L’abside s’appuie contre un mur préexistant, d’au moins 60 m de longueur, ce qui donne en même temps la largeur de l’église. Elle comporte deux grands piliers carrés (env. 4 x 4 m), distants de plus de 30 m, de part et d’autre d’un ambon circulaire, relié au presbyterium par un couloir.
Le sol de la nef est en béton de tuileau.
Cette église exceptionnelle, tant par son plan que par son état de conservation, peut être datée du début du VIe siècle, donc de l’époque de Césaire. Etant donné ses dimensions et ses installations liturgiques, il ne peut s’agir que de la cathédrale Saint-Etienne, dont le transfert n’a donc pas eu lieu au Ve siècle, mais bien après l’épiscopat de Césaire.
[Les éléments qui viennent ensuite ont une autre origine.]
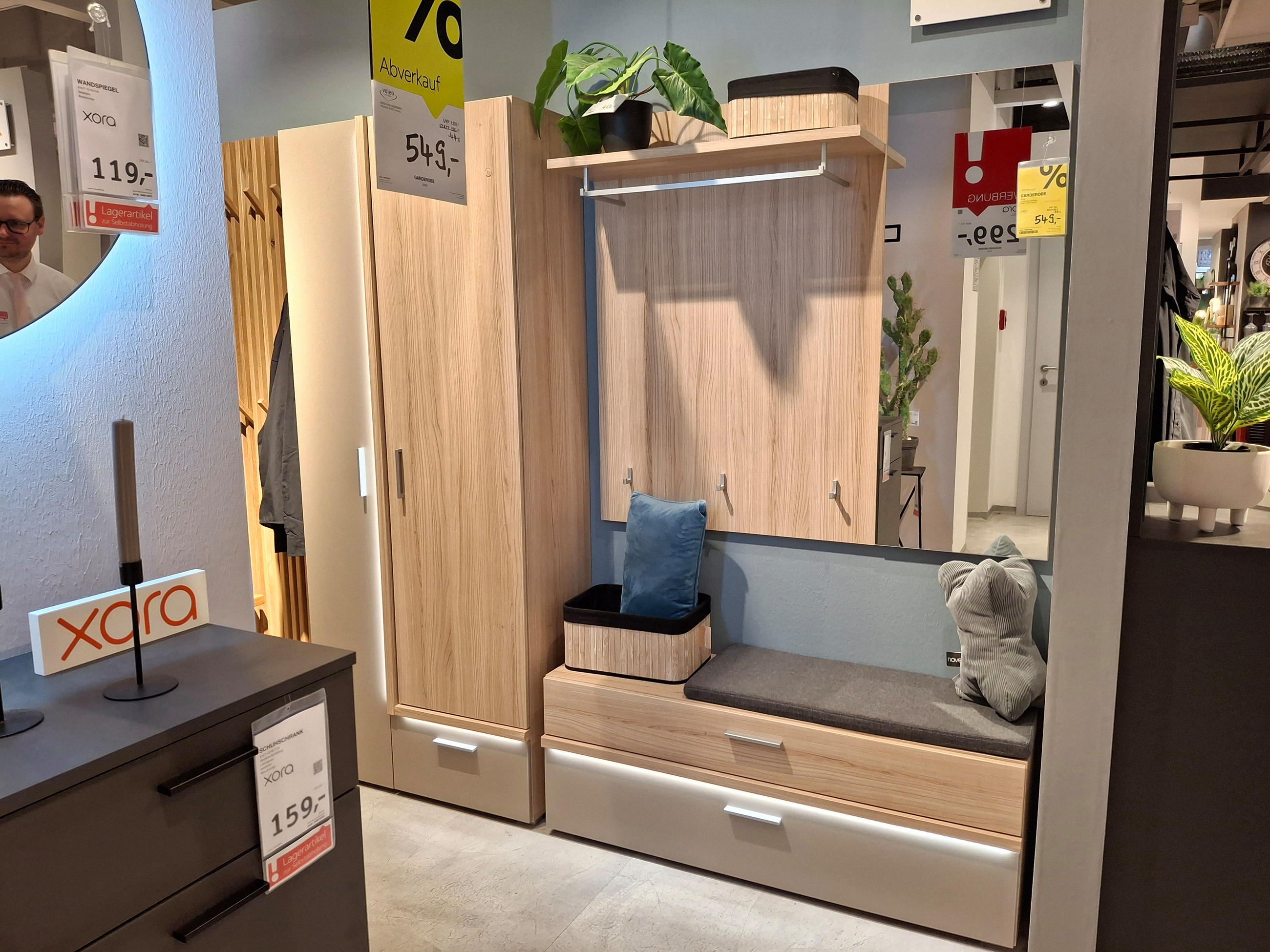 Garderobe Canun - Voleo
- Une deuxième église, bien plus modeste, se trouve plus près de l’enceinte antique. Il s’agit d’une église à nef unique, pavé de marbre, avec une abside polygonale, mise au jour dès 1947. La construction de cette petite église remonte probablement à la fin du IVe siècle, mais elle a subi plusieurs modifications.

- Entre ces deux églises se trouve une pièce rectangulaire, que l’on peut sans doute également dater du IVe siècle. Dans un second temps, au VIe siècle, une petite abside est insérée dans le mur oriental de l’espace. Une base posée sur le dallage de l’espace est sans doute plutôt un support d’un reliquaire que d’un autel.

La complexité de cet ensemble, l’état de conservation des vestiges et l’importance historique de l’évêché d’Arles font que le site de l’enclos Saint-Césaire d’Arles est l’un des sites les plus prometteurs pour l’archéologie des premiers temps chrétiens en Occident.